Hmm. My hypothesis-slash-WAG on the ATM issue is that it’s less to do with actual inability to figure out how to use them, and more to do with fear of inability to do so.
It’s a problem I often encounter when teaching technophobes to use computers. They don’t understand that (on Windows, at least) it’s pretty damned hard to accidentally do something catastrophic. They’re afraid to take any action unless I tell them precisely what icons to click and what keys to press, because otherwise “I might delete my hard drive” or somesuch. In extreme examples, I’ve had it take hours before the person was willing to freely explore under the File menu when I give them the simple command “Save this document”.
Now imagine you’re standing at an ATM for the first time. You’ve never encountered one of these things before, but you know a few things for certain. You know that it allows you to directly manipulate your bank account, and to modify your finances and make withdrawls and deposits as you see fit. Essentially, it gives you all the powers of a bank teller as regards your account. You know these things, and you also know that you have no Earthly idea how to use it. For all you know, one wrong button press, and you’ve just sent $300 to a hole in Siberia, closed the remainder of your account, and told the bank to keep the change. Yeah, I can see being a bit timid at this proposition.

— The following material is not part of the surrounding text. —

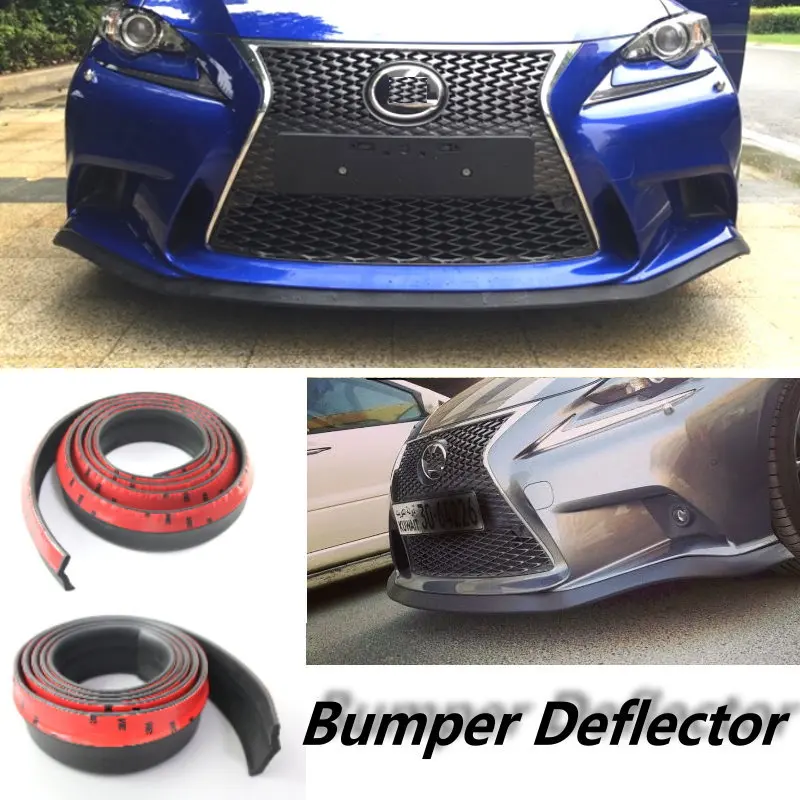 Для Lexus CT 200h / F LS 400 430 460 600h L для автомобильного бампера автомобиля дефлектор губ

Just as a first-time computer user may take a week to open a Word document with any degree of confidence, so might an elderly person take an appreciable amount of time to feel secure making a simple deposit at an ATM. There is, however, one key difference: there’s no such thing as a Computer Teller. If you need to use a computer, you need to learn how to use a computer. There’s no practical way around it. If you need to make a deposit…well, there are these wonderful people that the bank employs specifically to help customers such as yourself do these things with no intervention on your part, that know exactly what menus to open and what buttons to press, and whom you trust to do things right because they’re trained and they’ve been doing it for years. Why, given this, would you ever bother to learn how to do it yourself in the first place? Sure, all those youngsters say it’s nearly impossible to mess up…but why take the risk? You just go inside like you’ve always done, give the teller the money and the piece of paper, and mission accomplished.
Of course, I’m 20, so what the hell do I know about how old people think? It’s an idea, though.